_TASK_
Keep the pictures out. Restate the entries below word for word.

━━ AVAILABLE RECORDS ━━

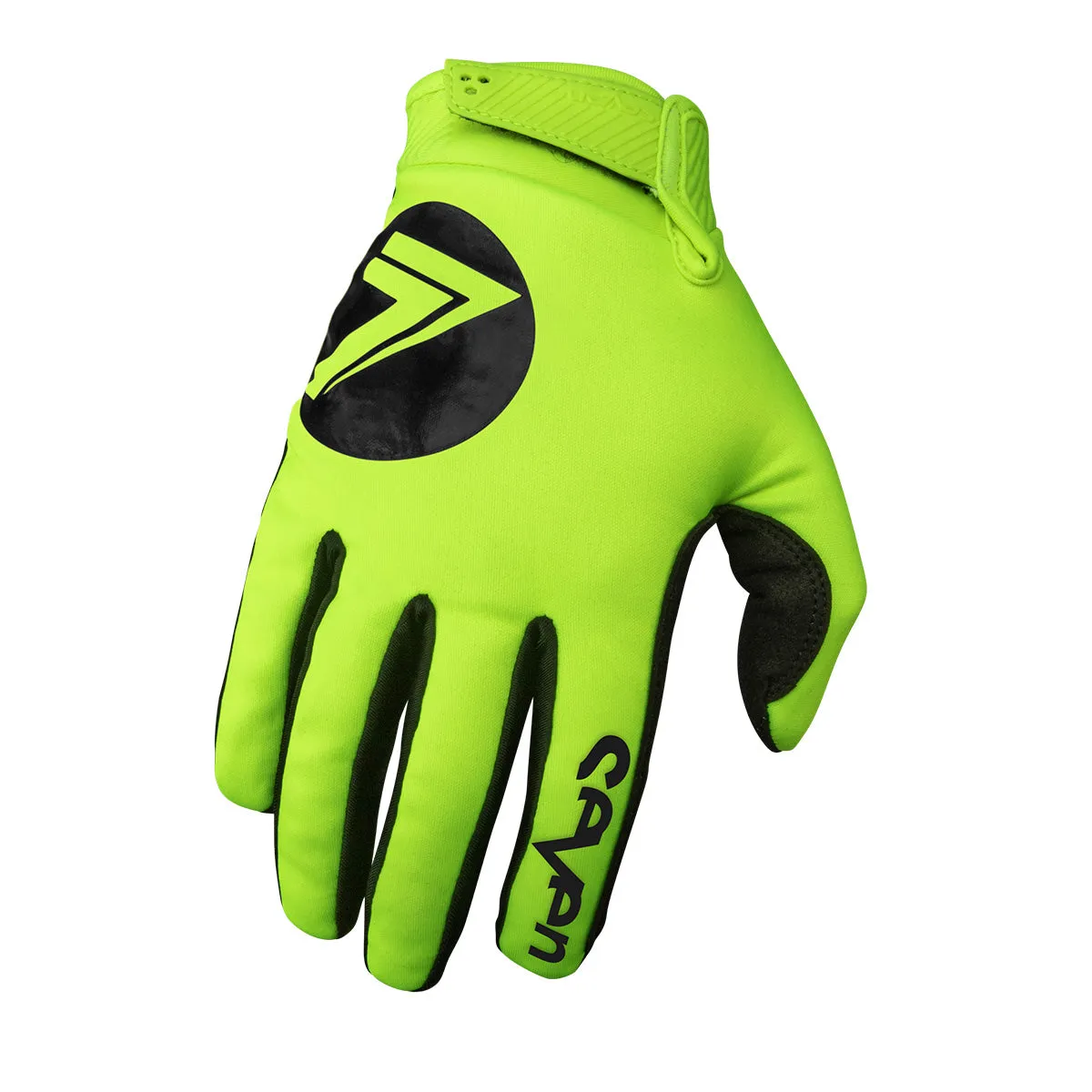 Seven Zero Cold Weather Glove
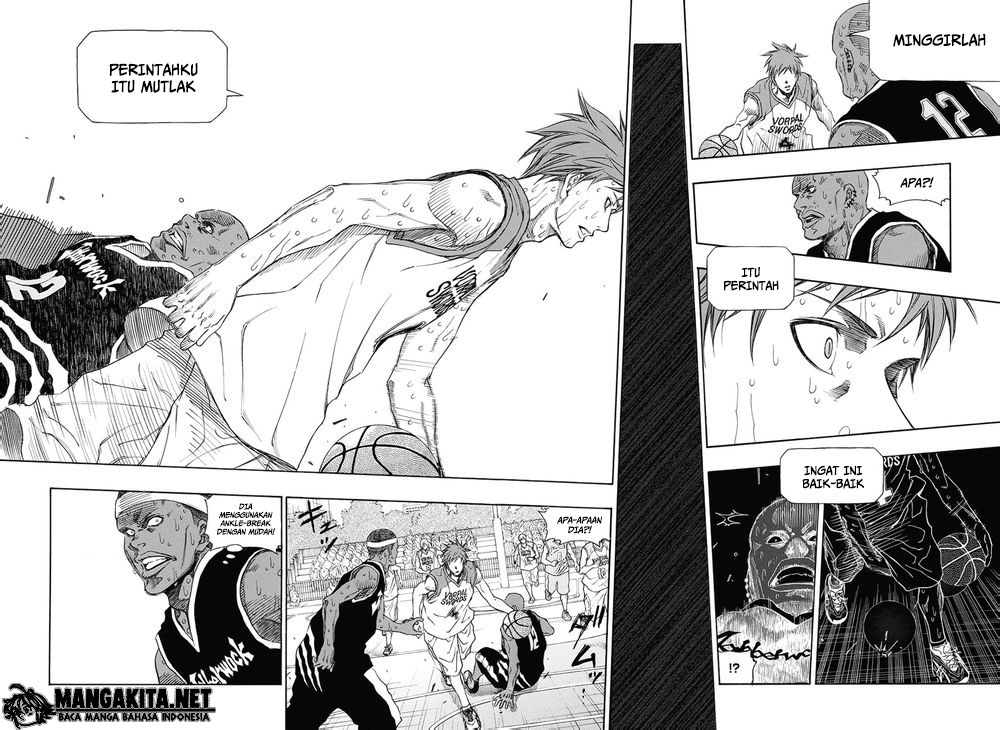 image-komik-kuroko-no-basuke-extra-game-chapter-6-13/44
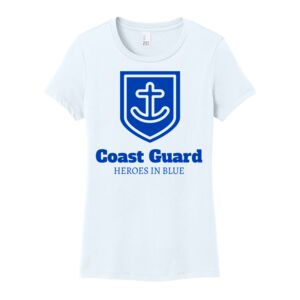 Women's Perfect Weight ® Tee Thumbnail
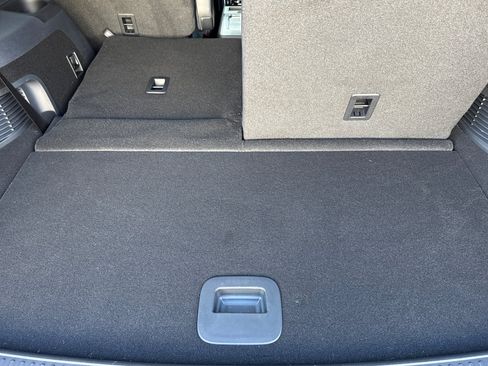 New 2025 Lincoln Aviator Reserve w/ Luxury Package image 15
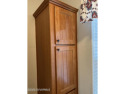  Ad# 6278653 golf course property for sale on GolfHomes.com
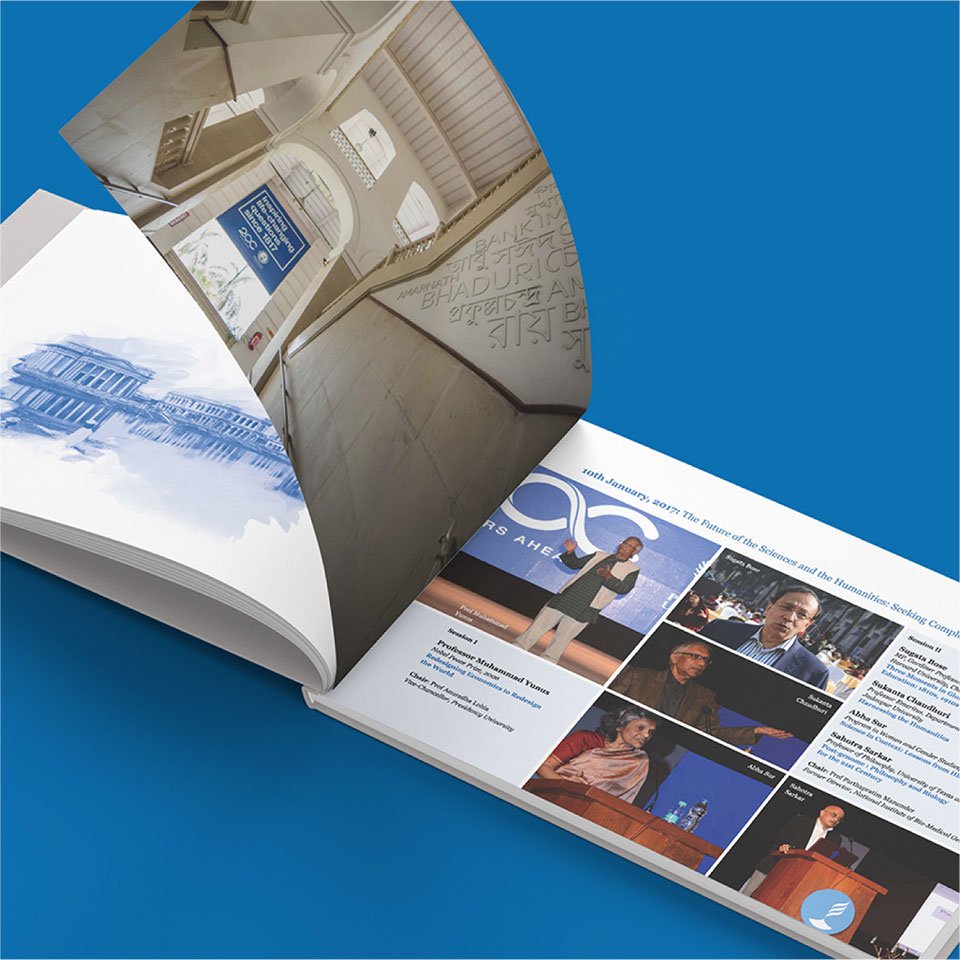 https://www.old.wysiwyg.co.in/sites/default/files/worksThumb/presidency-university-print-brochure-book-2017-02.jpg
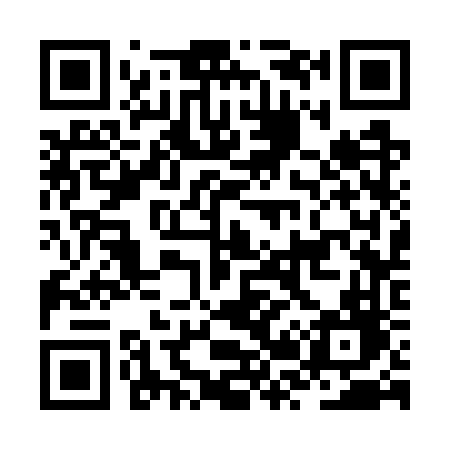 QR code for JR37VD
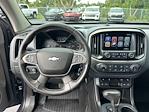 Used 2018 Chevrolet Colorado Z71 Crew Cab 4x4 Pickup for sale #L100532A - photo 16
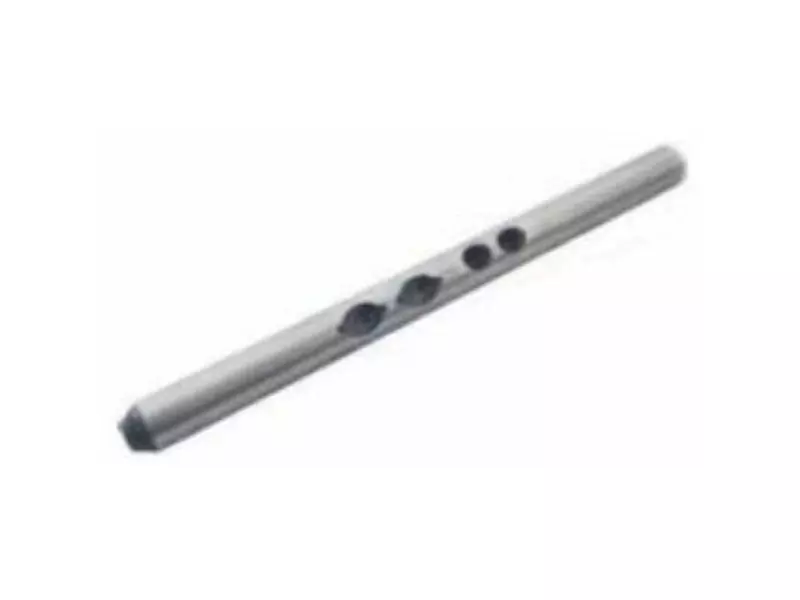GEAR SPLITTER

━━━

_ANSWER BOX_
 Seven Zero Cold Weather Glove
 image-komik-kuroko-no-basuke-extra-game-chapter-6-13/44
 Women's Perfect Weight ® Tee Thumbnail
 New 2025 Lincoln Aviator Reserve w/ Luxury Package image 15
  Ad# 6278653 golf course property for sale on GolfHomes.com
 https://www.old.wysiwyg.co.in/sites/default/files/worksThumb/presidency-university-print-brochure-book-2017-02.jpg
 QR code for JR37VD
 Used 2018 Chevrolet Colorado Z71 Crew Cab 4x4 Pickup for sale #L100532A - photo 16
GEAR SPLITTER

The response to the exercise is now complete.